Rising hunger and stalled aid deliveries are creating a "fast unraveling crisis" in Afghanistan, UNICEF warned on Tuesday.
"Around half of the country — 23 million people — are in need of aid, so the scale is extraordinary and it's a fast unraveling crisis to all," Samantha Mort, the chief of communications for UNICEF Afghanistan, told DW in an interview.
Aid agencies, including UNICEF, are racing against time to deliver aid before the onset of winter.
"UNICEF is bringing in aid through chartered flights and through the border with Pakistan so we're getting aid in, but every day it's getting colder," she said.
"There's snow already in the mountains, rural areas are being cut off and it's really a race against time to pre-position those supplies before they're inaccessible," she stressed.

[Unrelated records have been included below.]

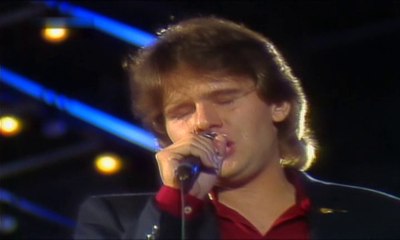 Ich wünsch' dir die Hölle auf Erden 1981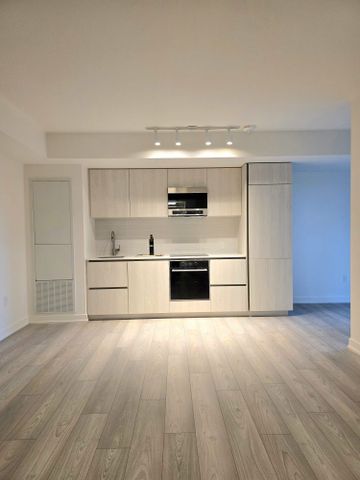 For Lease - 110 Broadway Avenue Unit# 315 S, Toronto, Ontario - Photo 4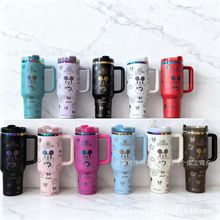 �羳ʷ�������ر�40oz��܇���ޟo�Ա��Ա���Ǳ�stanleyˮ��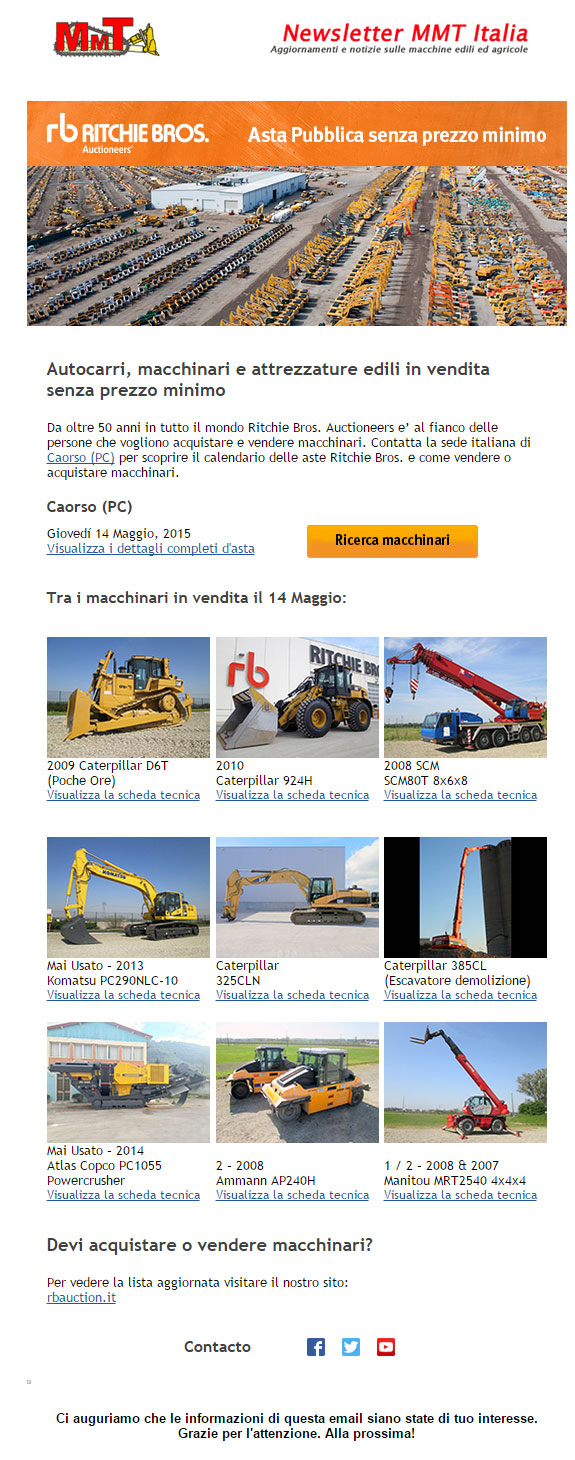 RbRitchieBros14Maggio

'Humanitarian catastrophe'
Last week, the UN's special representative for Afghanistan warned that the country is "on the brink of a humanitarian catastrophe," with 22% of the population of 38 million already near famine and another 36% facing acute food insecurity — hunger on a daily basis — mainly because people cannot afford food.
"We've got poverty levels that are off the charts and that means that families are being forced to make desperate decisions," Mort said, adding that parents must take children out of school and make them work.
"Families are being forced to exchange children for dowries in early marriage. We're seeing higher rates of child recruitment by armed groups, so children are extremely vulnerable," she added.
Peter Maurer, president of the International Committee of the Red Cross, said last week that aid groups are struggling to pay doctors, nurses and others on the ground because there is currently no way to transfer salaries to bank accounts in Afghanistan.
Afghanistan's economy is estimated to have contracted by 40% since the Taliban took control in August. The UN has warned that the country's collapsing economy is also increasing the risk of extremism.
Afghanistan on track to become 'largest humanitarian appeal in history'
Richard Trenchard, the representative for the UN's Food and Agricultural Organization in Afghanistan, has warned that the situation in the country "desperate."
"What's really worrying us is that it looks like it's going to get worse," he told DW, adding that acute hunger has spread from rural areas to nine out of 10 of Afghanistan's largest cities.
"Next year I think the humanitarian community here will be asking for well over $4 billion [€3.6 billion] — that would be the largest humanitarian appeal, I think, in history of any country," he said.